# Whiskey Bottle Stoppers



## UKfan (Nov 16, 2010)

A friend of mine decided he wanted to try his hand at making bottle stoppers but wanted to make them for his whiskey bottles...so of course they had to be whiskey barrels.


----------



## slatron25 (Dec 18, 2007)

Now that's cool. Nice.


----------



## VaureyWWC (Feb 21, 2011)

That's pretty awesome stuff. What did you do for the "knot" in the side?


----------



## jaxonquad (Jan 26, 2011)

That's great! First I've seen like it. Very creative


----------



## slicksqueegie (Feb 9, 2011)

VaureyWWC said:


> That's pretty awesome stuff. What did you do for the "knot" in the side?
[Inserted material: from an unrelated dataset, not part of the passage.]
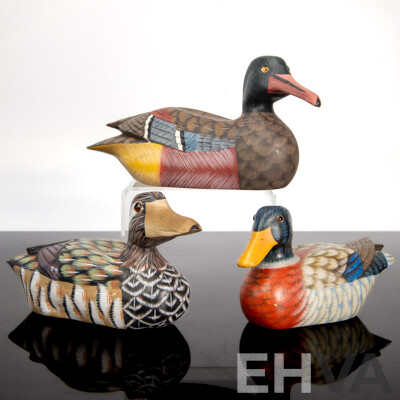 Collection of Hand-Carved and Hand-Painted Wooden Duck Decoys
Thats no knot. That's a "bung hole"


----------



## Kenbo (Sep 16, 2008)

I don't know how I missed this thread, but I'm glad that I finally caught up with it. Those are awesome. I really love how they look. Fantastic job. Your friend has some talent for sure.


----------



## UKfan (Nov 16, 2010)

for the bung hole he drilled a small hole and used a 1/8" dowel for the contrast of the bung hole.


----------



## JimRich (Jun 10, 2011)

That's really cool!


----------



## b00kemdano (Feb 10, 2009)

That's awesome! Now you have to drive up to Lynchburg and buy an old JD whiskey barrel, cut it up and make whiskey barrel bottle stoppers out of old whiskey barrels. 

PS- Let me know when you're going, I'd like to hitch a ride!


----------